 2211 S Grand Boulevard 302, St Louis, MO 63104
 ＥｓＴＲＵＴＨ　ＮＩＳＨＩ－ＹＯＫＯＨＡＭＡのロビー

--

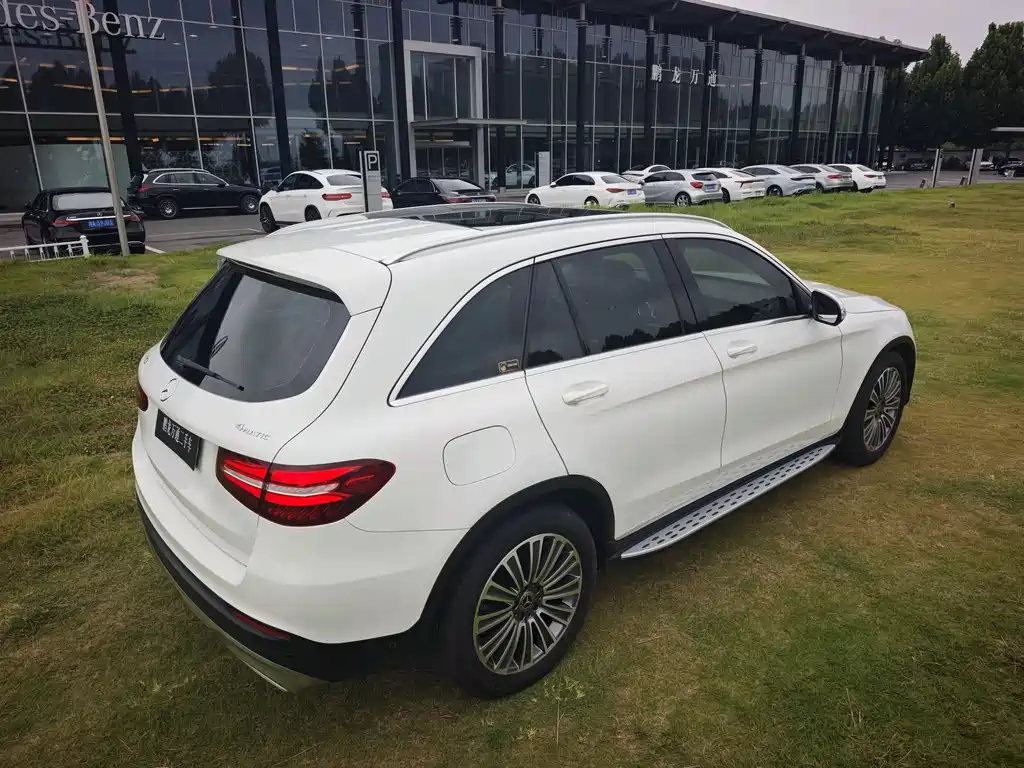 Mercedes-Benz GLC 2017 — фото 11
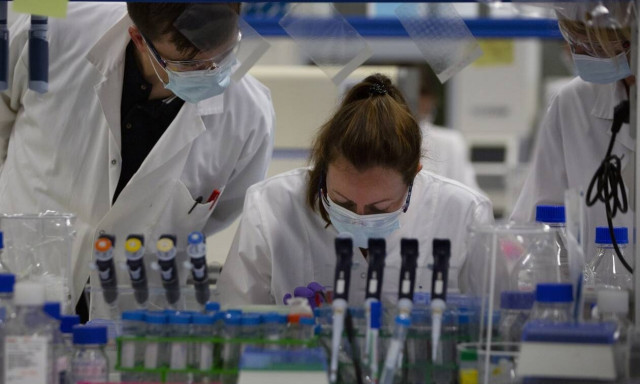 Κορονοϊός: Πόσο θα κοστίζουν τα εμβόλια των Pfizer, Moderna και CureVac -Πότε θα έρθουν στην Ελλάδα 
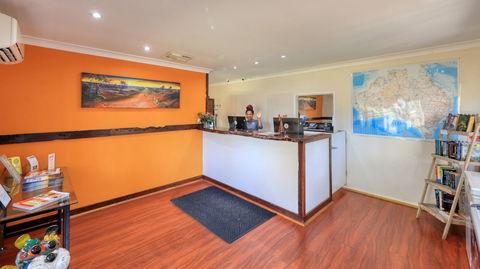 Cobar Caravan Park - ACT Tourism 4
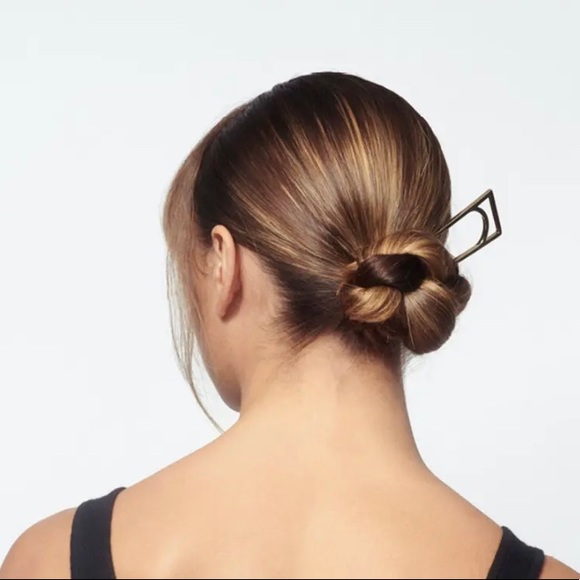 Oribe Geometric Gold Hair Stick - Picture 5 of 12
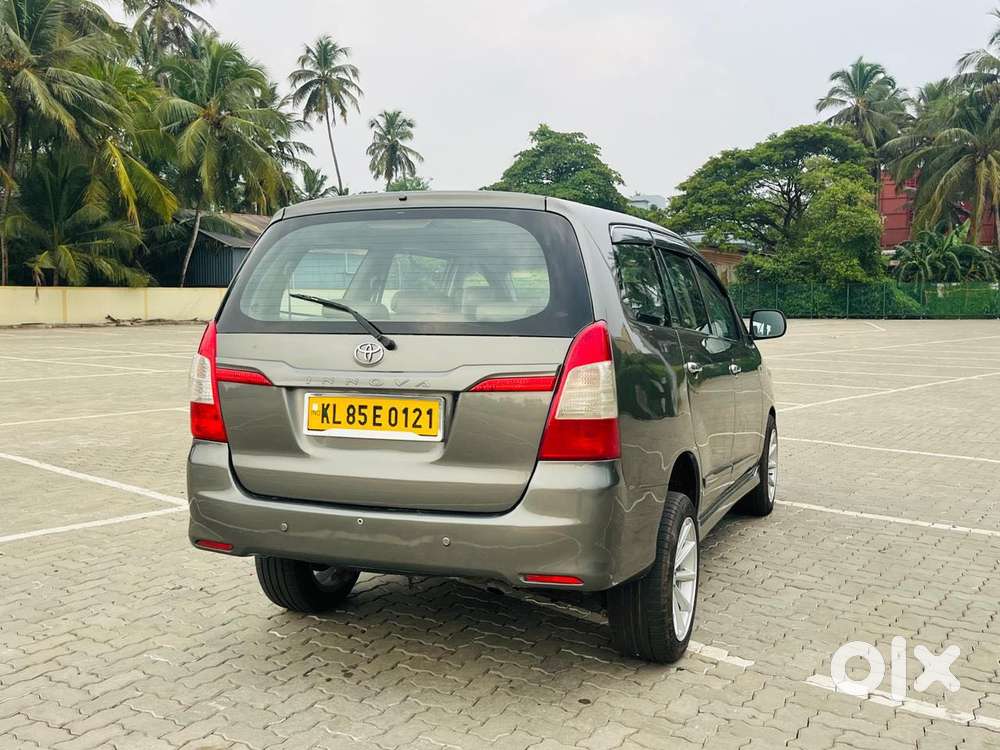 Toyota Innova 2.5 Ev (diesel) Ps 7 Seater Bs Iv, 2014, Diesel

* * *

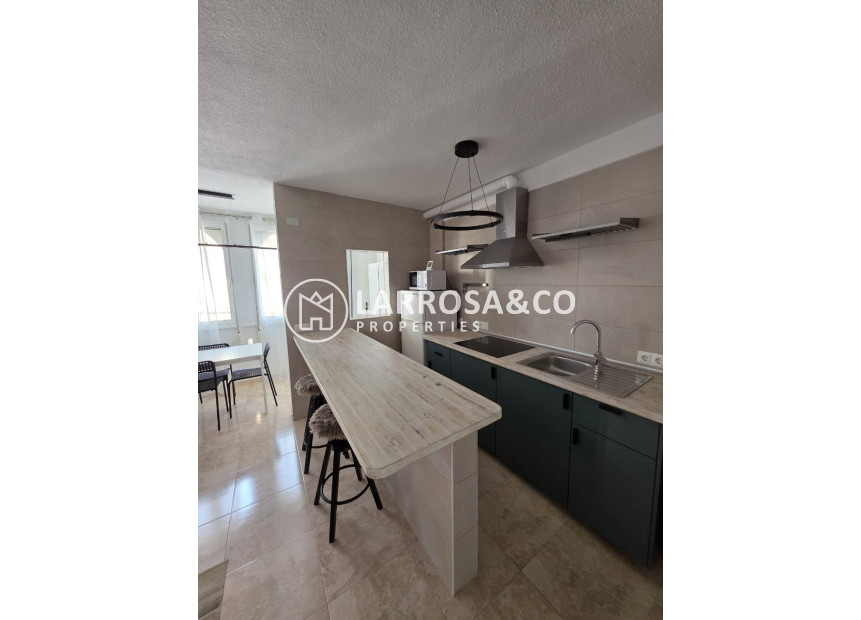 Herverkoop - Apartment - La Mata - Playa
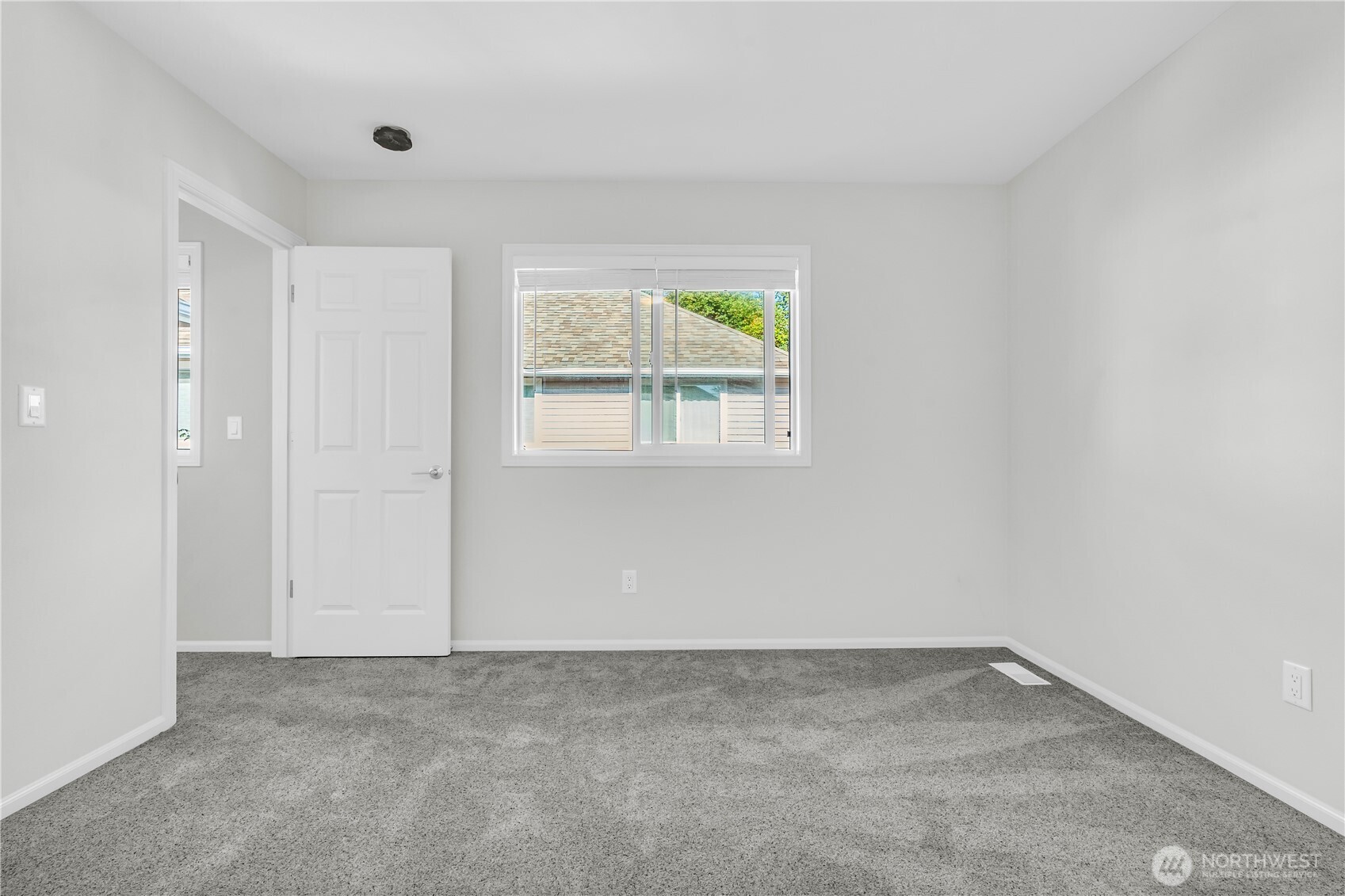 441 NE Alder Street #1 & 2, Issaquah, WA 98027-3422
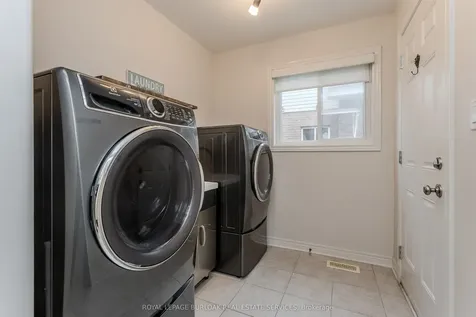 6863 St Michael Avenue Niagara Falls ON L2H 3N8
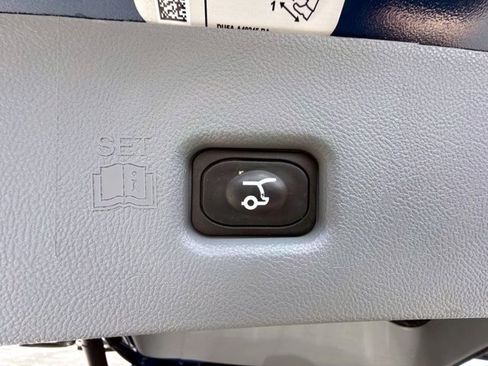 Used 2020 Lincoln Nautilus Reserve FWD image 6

* Task requirements:
Transcribe the lines above between the line holding "2211 S Grand" and the line holding "ＥｓＴＲＵＴＨ　ＮＩＳＨＩ－ＹＯＫＯＨＡＭＡのロビー", inclusive, exactly as they stand and with nothing added.

* Result of the task:
 2211 S Grand Boulevard 302, St Louis, MO 63104
 ＥｓＴＲＵＴＨ　ＮＩＳＨＩ－ＹＯＫＯＨＡＭＡのロビー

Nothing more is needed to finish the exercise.